REQUIREMENT
The required output is the exact run of lines from the one bearing "Een vrouw in" through the final line of the listing below, with the pictures removed.

RECORDED DATA
+===+
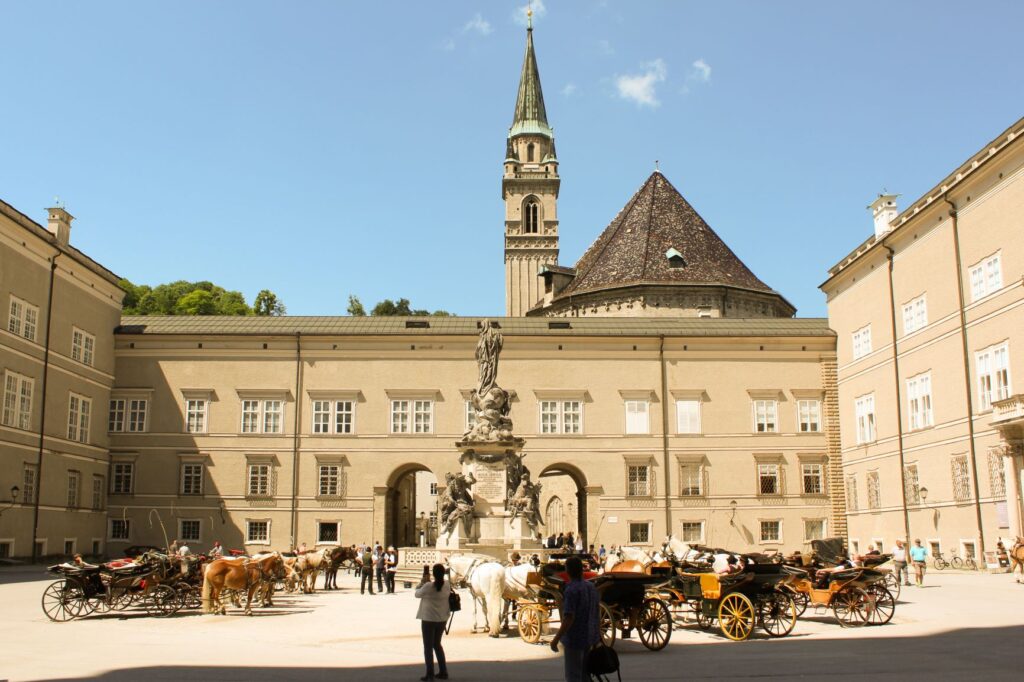 large square with fountain and horse and buggy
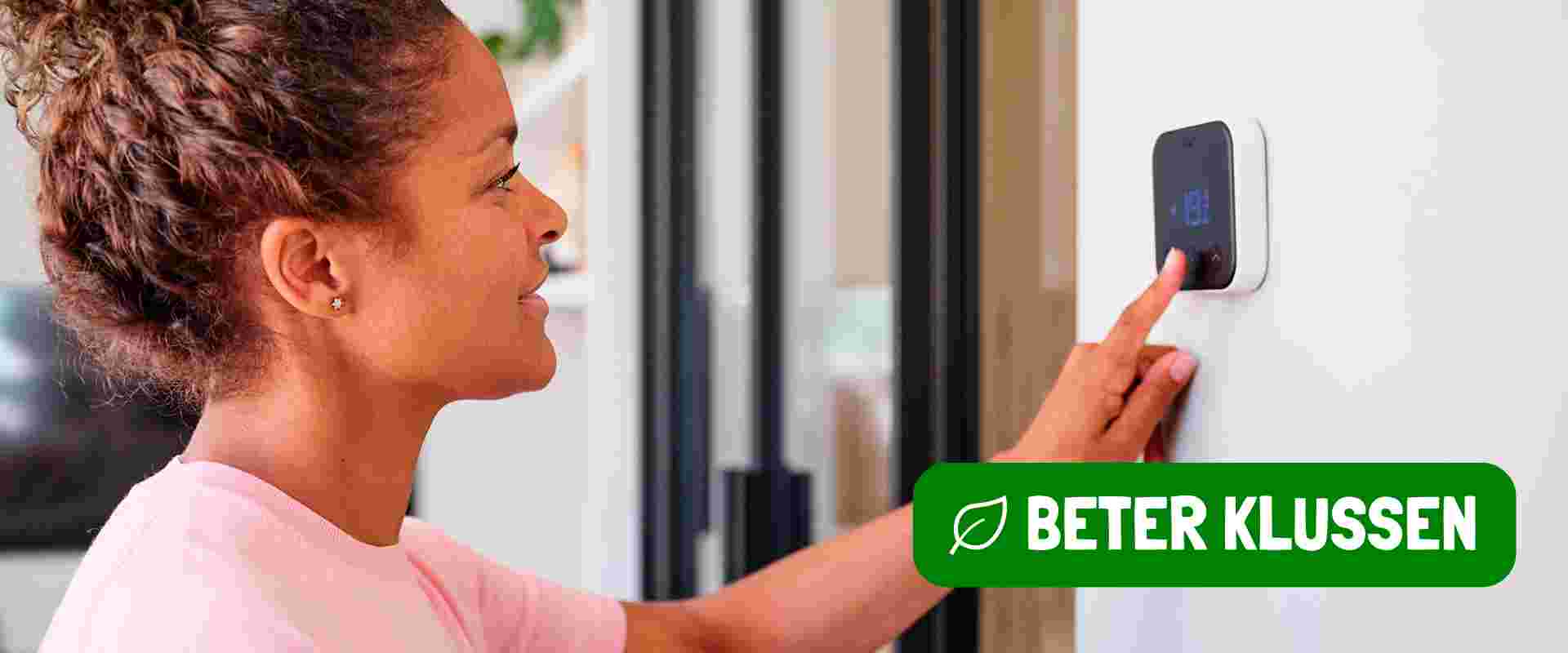 Een vrouw in roze shirt bedient een slimme thermostaat aan de muur, met "BETER KLUSSEN" logo in groene balk onderaan.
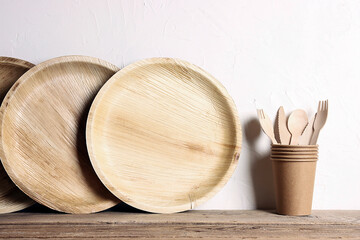 Eco-friendly tableware on wooden table and white wall. Bamboo plates, paper cups and wooden cutlery.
+===+
ANSWER SECTION
 Een vrouw in roze shirt bedient een slimme thermostaat aan de muur, met "BETER KLUSSEN" logo in groene balk onderaan.
 Eco-friendly tableware on wooden table and white wall. Bamboo plates, paper cups and wooden cutlery.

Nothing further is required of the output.